> [EXERCISE] Below are the records; give again exactly the lines from the one containing "2 bedrooms, in-room" through the one containing "Team boss Roger", leaving out pictures.

> [THE DATA]
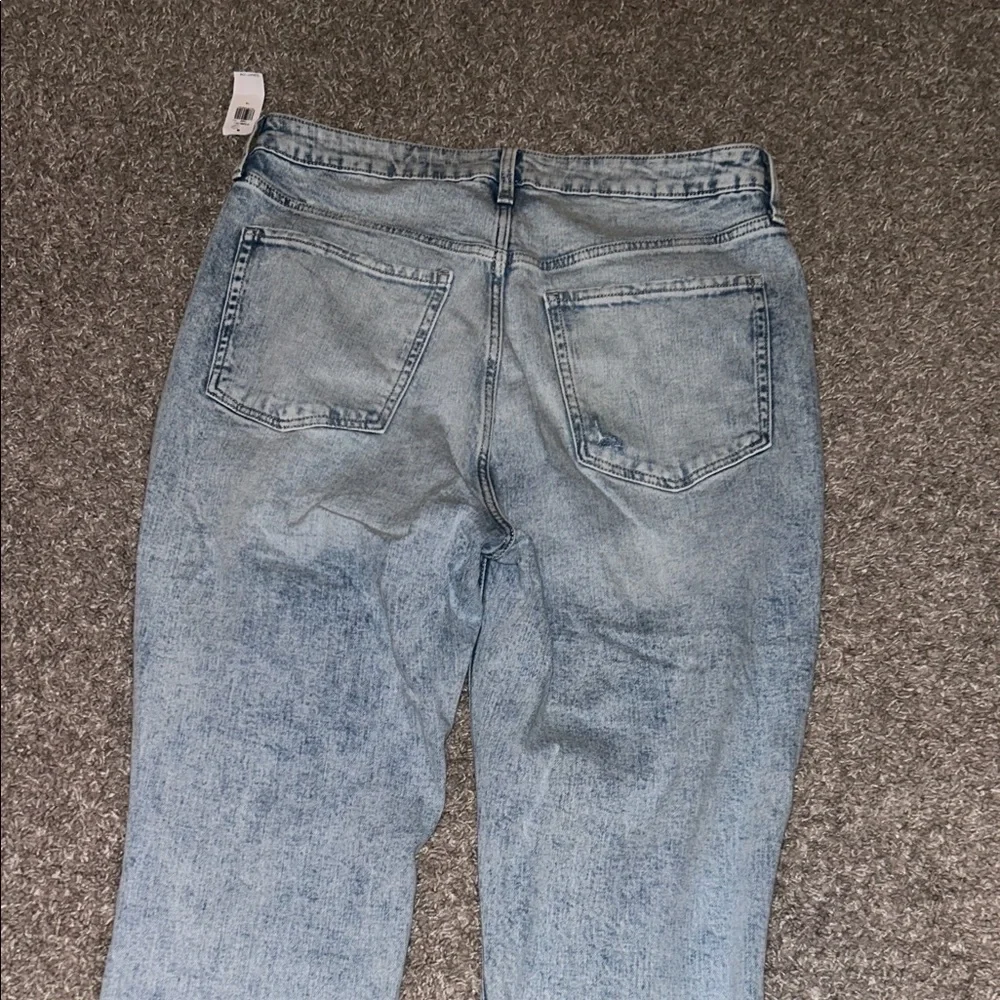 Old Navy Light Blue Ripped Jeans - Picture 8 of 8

==

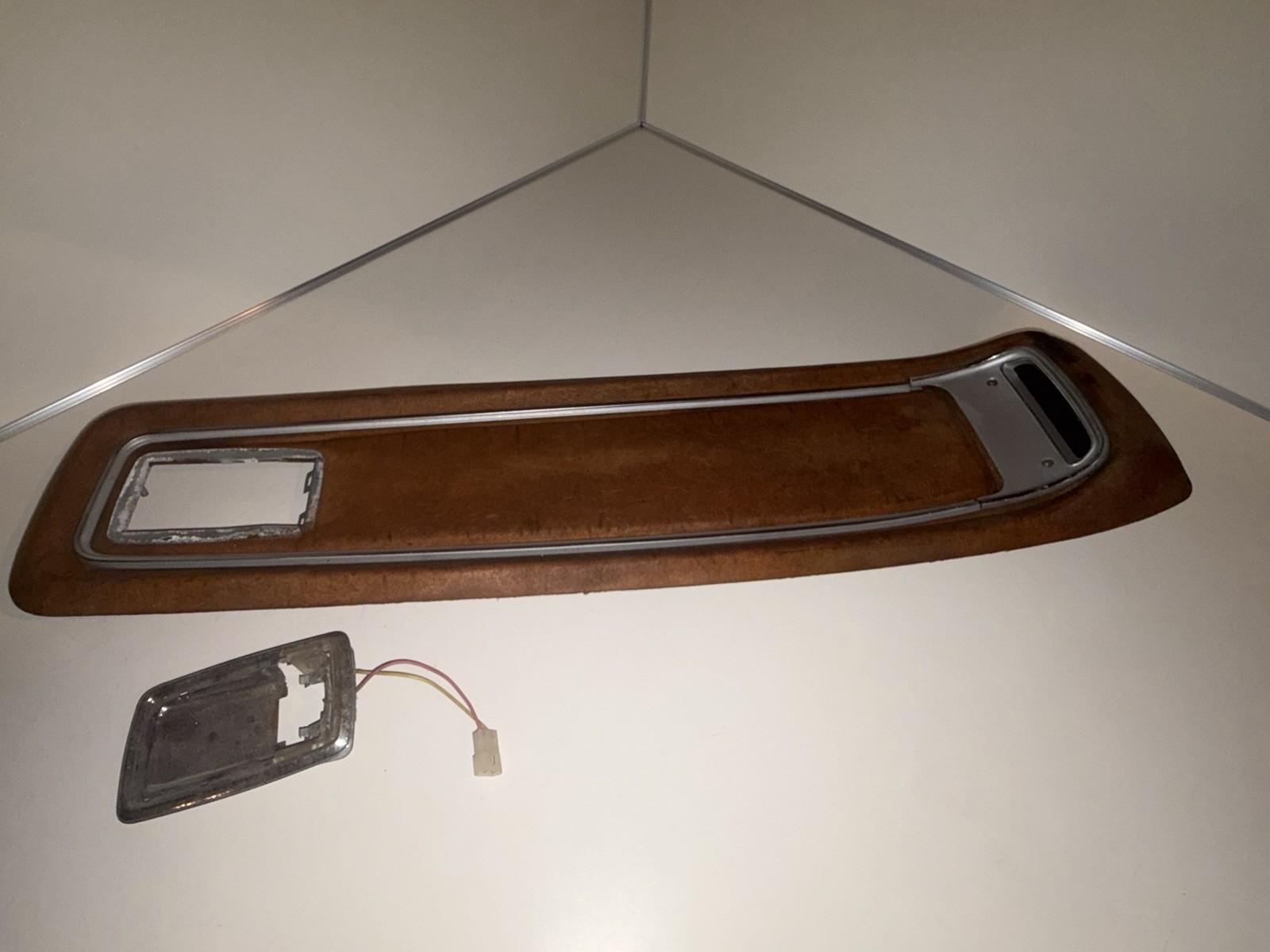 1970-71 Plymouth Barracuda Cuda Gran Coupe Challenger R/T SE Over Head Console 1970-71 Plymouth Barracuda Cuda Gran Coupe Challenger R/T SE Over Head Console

---

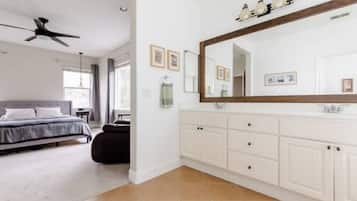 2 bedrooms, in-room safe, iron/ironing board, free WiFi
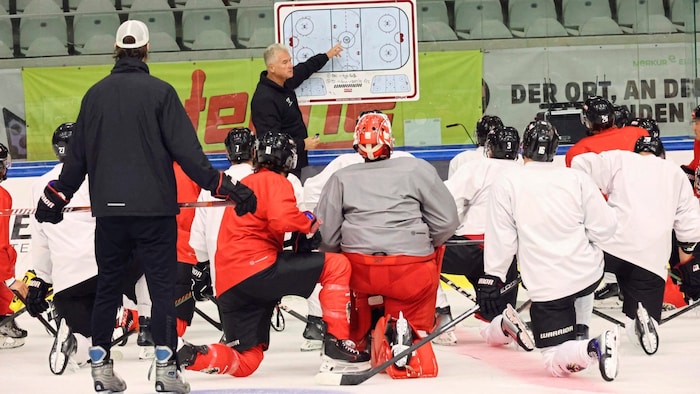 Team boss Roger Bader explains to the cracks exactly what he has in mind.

> [EXERCISE RESPONSE]
 2 bedrooms, in-room safe, iron/ironing board, free WiFi
 Team boss Roger Bader explains to the cracks exactly what he has in mind.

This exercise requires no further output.